Tuesday, 23 June 2009

What is it with foreign intervention? (2)

In a piece of news from Reuters today http://www.reuters.com/article/homepageCrisis/idUSHEA243369._CH_.2400 it was announced that the attendees of the Washington conference on Sudan will list amongst others China's Sudan envoy Liu Guijin and representatives of the countries and bodies that witnessed the signing of the CPA including the United Nations, the Arab League, Britain, Italy and Egypt.
Remarkably absent are the Sudanese in continuation of the conflict resolution logic that exhausts the Sudanese dilemma in the binary configuration of South (African Christian/Animist) versus North (Arab Moslem).

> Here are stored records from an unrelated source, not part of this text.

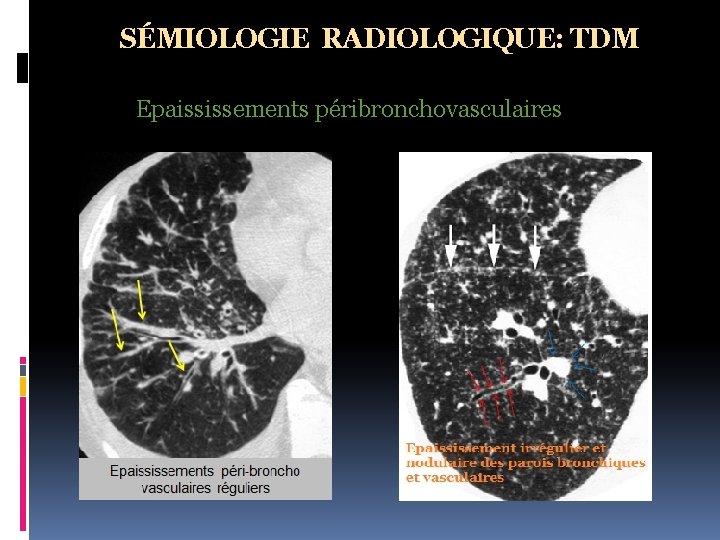 SÉMIOLOGIE RADIOLOGIQUE: TDM Epaississements péribronchovasculaires 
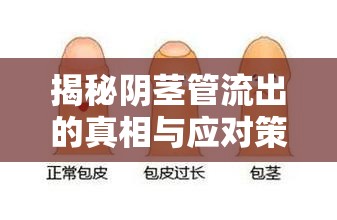 揭秘陰莖管流出的真相與應(yīng)對策略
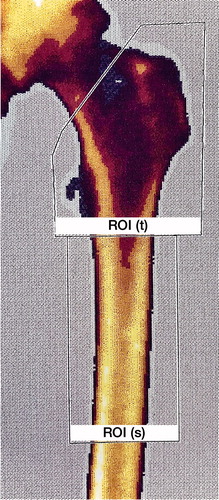 Figure 3. Placement of the regions of interest (ROI) on the femur DEXA scan: the trochanteric region (ROI(t)) and the shaft region (ROI(s)).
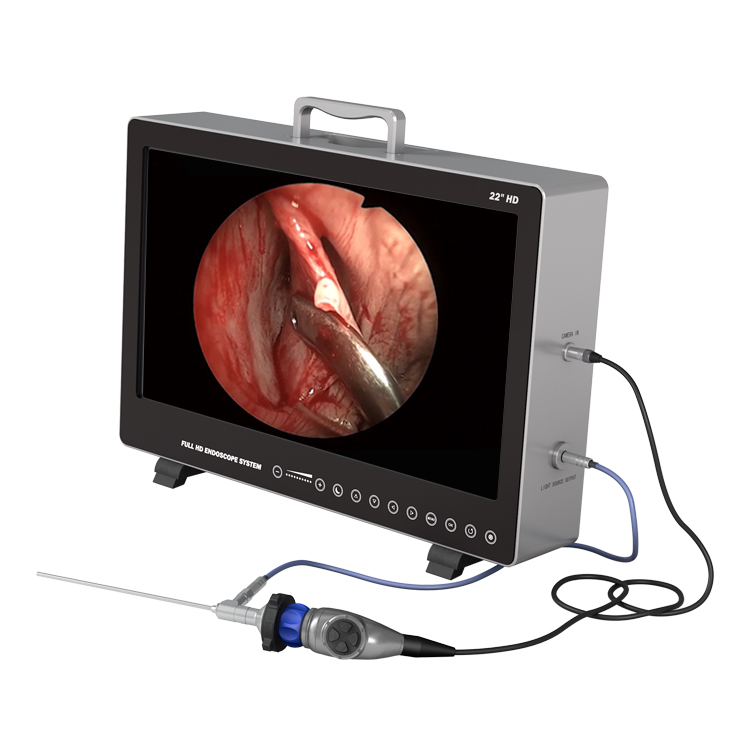 Sistema di telecamere per endo - Laptop Accessories All In One recensione e prezzo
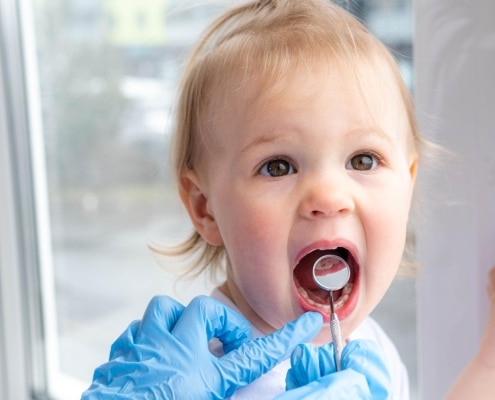 closeup-open-mouth-child-mirror-dentists-hands-blue-gloves-checkup-examine-treating-teeth-child-health-care-children-dental-hygiene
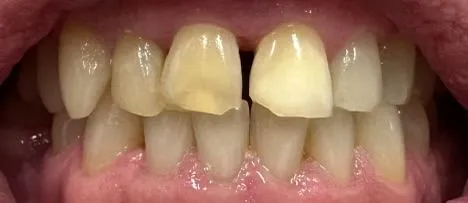 Close-up of teeth. One front tooth is yellowed and chipped. The others are mostly white.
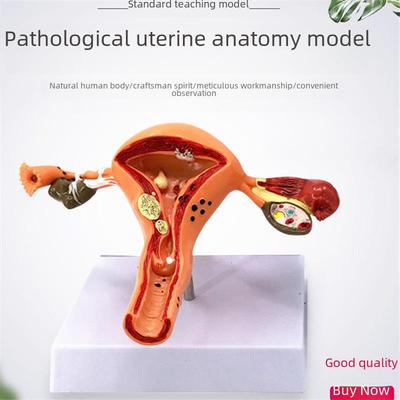 Large Female Reproductive Anatomy Model for Teaching and Family Planning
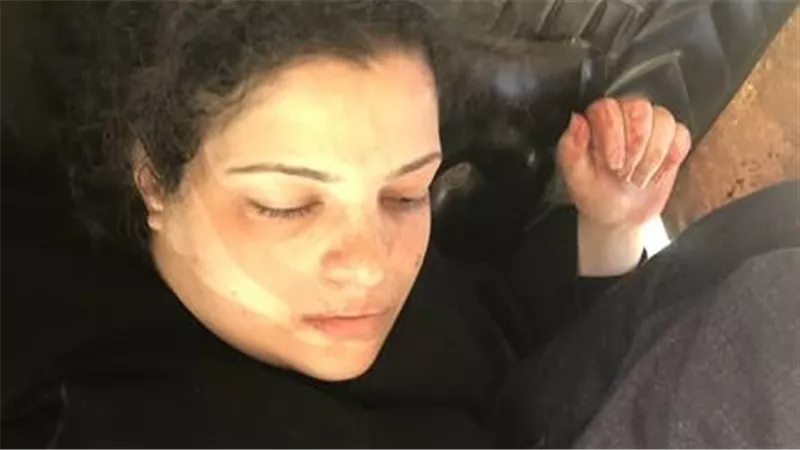 أول صور للمتهم في واقعة طعن سيدتين في منطقة عزبة النخل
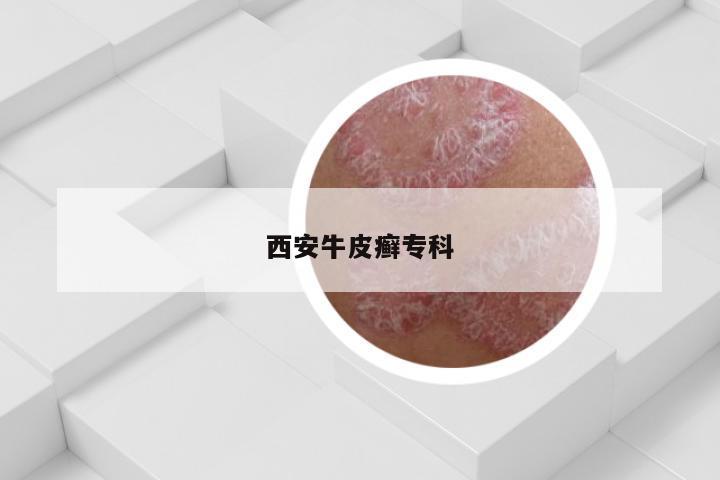 西安牛皮癣专科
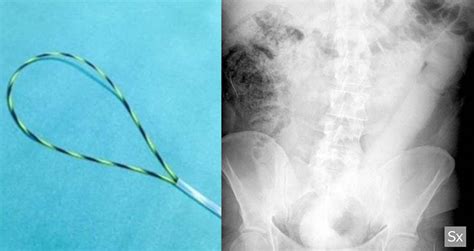 Doctor S Forced To Invent Tool That Can Remove Inch Dildo From Man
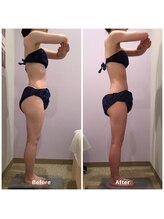 ナレル(narrel)/(新潟市/骨盤/痩身/ダイエット)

A logic that seems to resist both factual evidence on the ground and a burgeoning discourse in Sudan and in critical Western academia, however it remains the guiding principle of political action on Sudan, more so on the part of the two adversaries/partners of the CPA, and as such it has never faded away from media reporting on the country.
One reason for this is that it serves to a great degree the interests of the two hegemons of the country, NCP in the North and SPLM in the South, as justifier for power and as a battle cry. And it serves in parallel as a simple paradigm of action for foreign interests involved in the Sudan looking for a quick pragmatic fix that maintains a centre of authority, or for that matters two centres of authority, to address.

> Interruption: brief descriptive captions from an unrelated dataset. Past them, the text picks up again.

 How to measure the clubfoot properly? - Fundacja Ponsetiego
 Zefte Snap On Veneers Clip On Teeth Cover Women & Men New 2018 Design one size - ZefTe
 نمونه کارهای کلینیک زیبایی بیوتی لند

The cost of this trade-off here is this bizarre situation were coalition partners in a government that goes by the name of "National Unity" cross the wide ocean to negotiate on matters of "national" concern in a foreign capital with mediation from all over the world but not from their own country. To fantasise the reality of this one would have to suppose a situation where the Tories and Labour, be they in ruling coalition, flying off to Harare to settle their disputes with Mugabe as mediator!

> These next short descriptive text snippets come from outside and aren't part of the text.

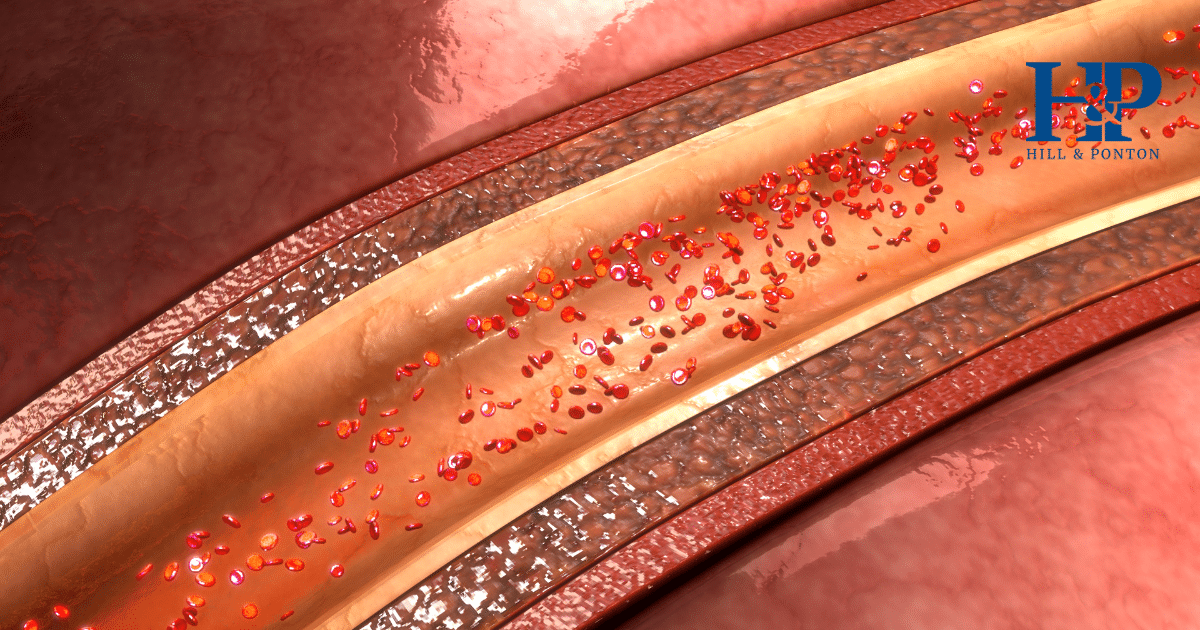 Arteriosclerosis VA Rating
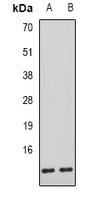 AHSP Rabbit Polyclonal Antibody
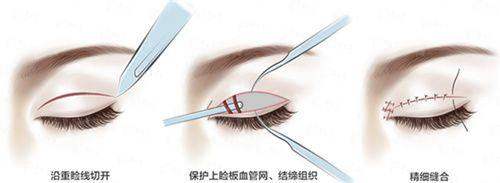 <strong>四、南昌东方薇琳整形双眼皮值得选吗？</strong>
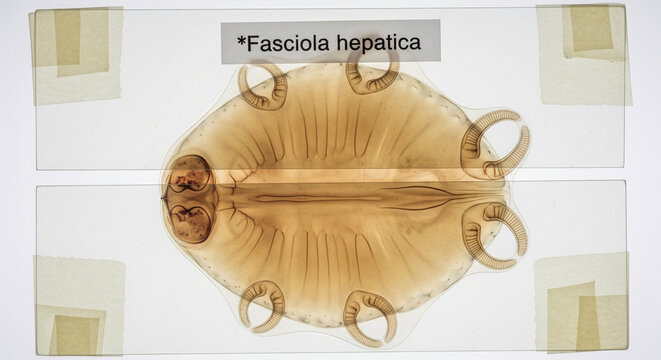 Liver Fluke Specimen, Fasciola hepatica, Mounted on Glass Slide
A high-magnification, scientific photograph of a stained and permanently mounted specimen of Fasciola hepatica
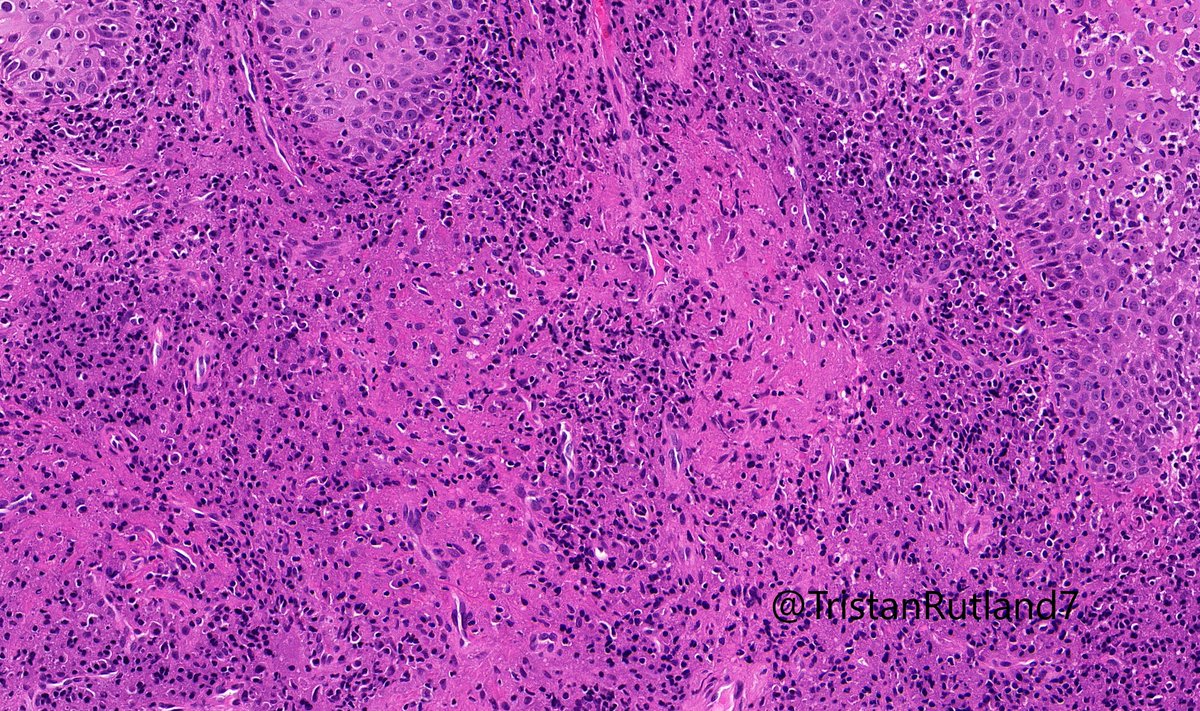 kiko4docs's tweet image. Young adult with lip lesion. Special stains negative. Diagnosis?
Answer &amp;amp; More info: kikoxp.com/posts/9905 
More posts from Dr. Rutland @TristanRutland7 kikoxp.com/tristan_rutlan…
#pathology #pathTwitter #medTwitter #oralpath #ENTpath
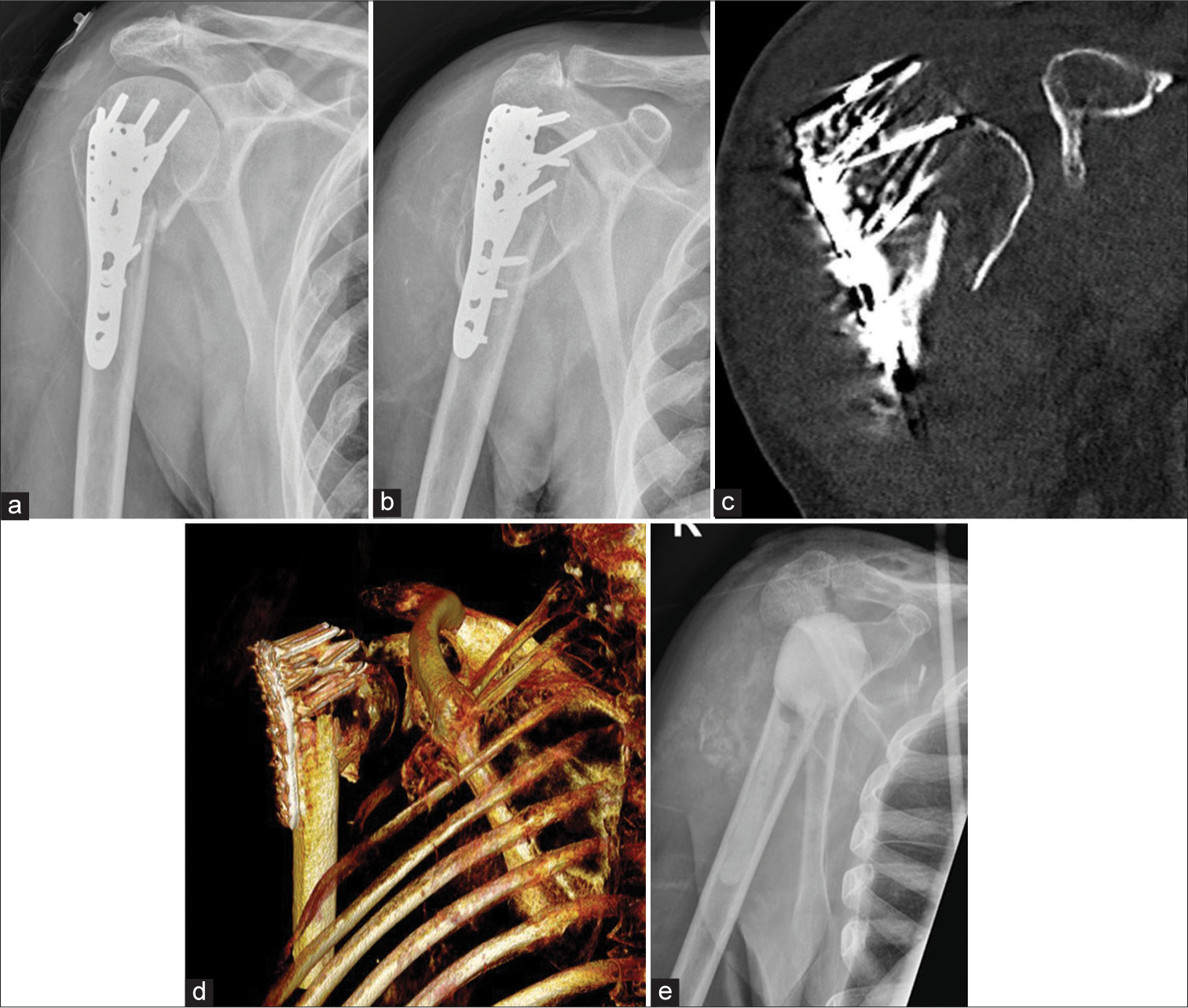 Anterior posterior radiographs of right shoulder taken 3 weeks apart (a) initial radiograph, (b) taken 3 weeks later, showing rapid destruction of the humeral head with exposed screws of the humeral internal fixation. Also note the multiple, old, rib fractures. (c and d), coronal and volume rendered CT images show exposed metal work and attenuation of the humeral head. (e) Post-operative Y view showing removal of metalwork and cement placement as a part of two stage replacement. (Image Courtesy Dr Raj Chari, Consultant Musculoskeletal Radiologist, Oxford University Hospitals NHS Trust).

It is noteworthy that the NCP delegation in Washington was supposed to be headed by Vice President Ali Osman Mohamed Taha, a man Western powers consider since signing of the CPA a person to do business with. Now, in light of the not so insignificant distrust between Taha and Bashir he was put off the job and the Machakos chief negotiator Ghazi Salah Eldin was installed in his place. In angry response Taha announced his intention to perform the pious procedures of umra in Mecca and boarded a plane accompanied by his family to Turkey, his regular refuge and planning hub in times of crisis. Talking to Islamists from the Turabi faction their initial comment was Khartoum is not big enough for both Ali Osman and Ghazi, like a pair of pistons if one goes up the other goes down. Considering Ghazi's announced position regarding the CPA Bashir is looking for a "new deal", one that reflects his survival of Ocampo's aborted charge and the refractioning of SPLM post-Garang. He is on the offensive this time.